This blog post is really only going to tell half the story about yesterday, as we were missing about half of our group due to stomach sickness. As such, we had to adapt our itinerary and did not visit the Kotel Tunnels. We did start our day though with a joyful celebration of Aaron’s Bar Mitzvah together with his family in the egalitarian section of the Kotel.
Afterward, we headed to Yad Vashem–Israel’s official memorial to victims of the Holocaust. Our tour began in the Garden Of The Righteous Among The Nations, where we learned extraordinary stories about non-Jews who risked their own lives to save Jews during the Holocaust and the law that authorizes Yad Vashem to confer these rescuers honorary citizenship of the State of Israel. We stood by the tree planted in honor of Irena Sendler, a Polish Catholic social worker who rescued 2,500 Jewish children from the Warsaw Ghetto with the help of an underground network.

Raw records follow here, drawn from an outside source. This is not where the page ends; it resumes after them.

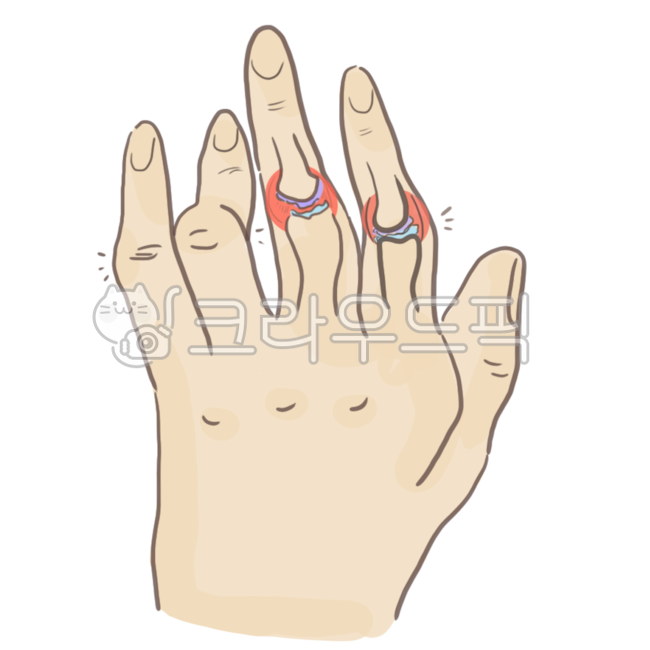 rheumarthritis,류마티스,손가락관절염,병원,수부,류마티스관절염,hospital,rheumaticgout,finger,신체부위,손가락,손가락마디,손마디,손마디통증,통증,정형외과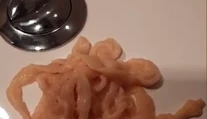 VIDEO: Muža vyľakal na toalete hrozivý pohľad. Z tela si vybral živú pásomnicu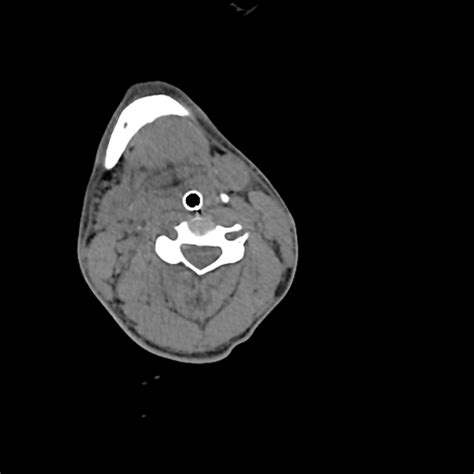 Atlanto Occipital Dissociation Traynelis Type 1 C2 Teardrop Fracture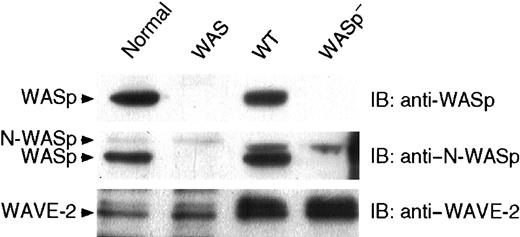 Fig. 9. Platelet WASp family proteins. / Lysates corresponding to 5 × 106 platelets isolated from a healthy volunteer (normal), WAS patient P34 (WAS), and wild-type (WT) and WASp-deficient (WASp−) mice were displayed by SDS-PAGE, transferred onto an Immobilon-P membrane, and probed with specific antibodies directed against WASp, N-WASp, and WAVE-2, as indicated. Results shown for the WAS platelets are representative of the 3 patients studied.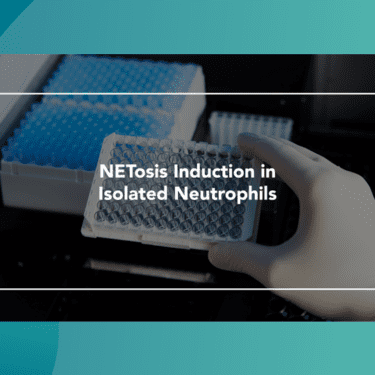 Web Thumbnail NETosis Induction in Isolated Neutrophils - Copy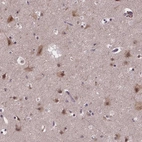 Anti-FAM181B Antibody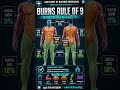 Burns Rule of 9 | TBSA Calculation NCLEX Quick Revision - Nootropic Nurse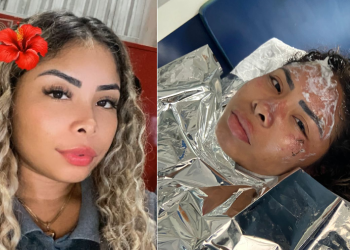 Industriária grávida f3r1da em incêndio no Distrito Industrial 2 continua internada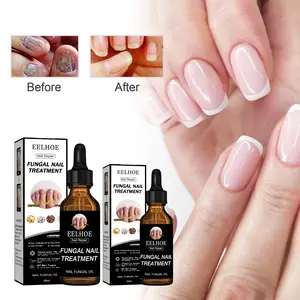 Nail Repair Essence Serum Original Serum KukuPerawatan Kuku Berjamur Serum PenghilangJamur Di Kuku Vitamin Kuku Rusak PerawatanJamur Kuku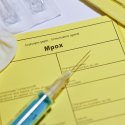 Mpox-Neuvariante vereint Viruslinien: Experten mahnen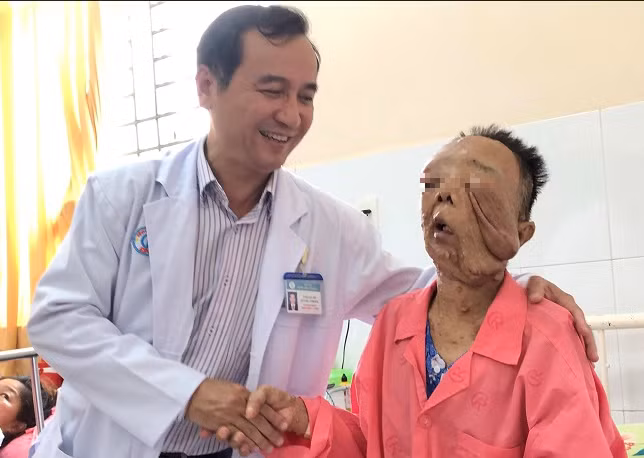 Một phụ nữ mắc bướu sợi thần kinh hiếm gặp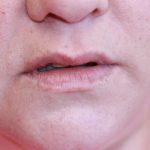 Fillers Rockville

At Yad Vashem, we also visited the Children’s Memorial, hollowed out from an underground cavern in tribute to the approximately 1.5 million Jewish children murdered during the Holocaust. Five memorial candles are reflected infinitely in the darkness, creating the impression of a starry night sky; in the desert we learned that Abraham was promised by God that his descendants would be as numerous as the stars, and the candle lights are a reminder of infinite loss.
The names of murdered children, their ages, and countries of origin are recited in the background as you walk through the memorial. We were challenged by our guide Marcie to each remember one name spoken to carry forward with us.
We then entered the prism-like Holocaust History Museum. The floor slopes downward, starting with a haunting black-and-white slide reel of everyday life in pre-war Europe. Visitors descend chronologically into the darkest history of the Jewish people, reaching the lowest point with exhibit halls about the death camps. The floor slowly begins to ascend again with Nazi Germany on the brink of defeat, and you exit the museum to a dramatic view of modern-day Jerusalem. It’s a reminder of why the State of Israel exists and symbolic of the passage of the Jewish people from exile and destruction to rebirth.
We ended our tour in the Hall of Names, where “Pages of Testimony” aims to restore the personal identity of the six million Jews murdered by the Nazis and their accomplices. Victims’ photographs are displayed on an overhead cone, and Marcie reminded us that it is our responsibility to keep their remembrance from becoming blurry like their reflection in pool of water in an opposing cone carved out of the mountain’s bedrock.
After the emotionally wrenching experience at Yad Vashem, we relaxed on Ben Yehuda Street for shopping and dinner. We are hoping for a refuah shlemah for those not feeling well in our group and look forward to a full day ahead!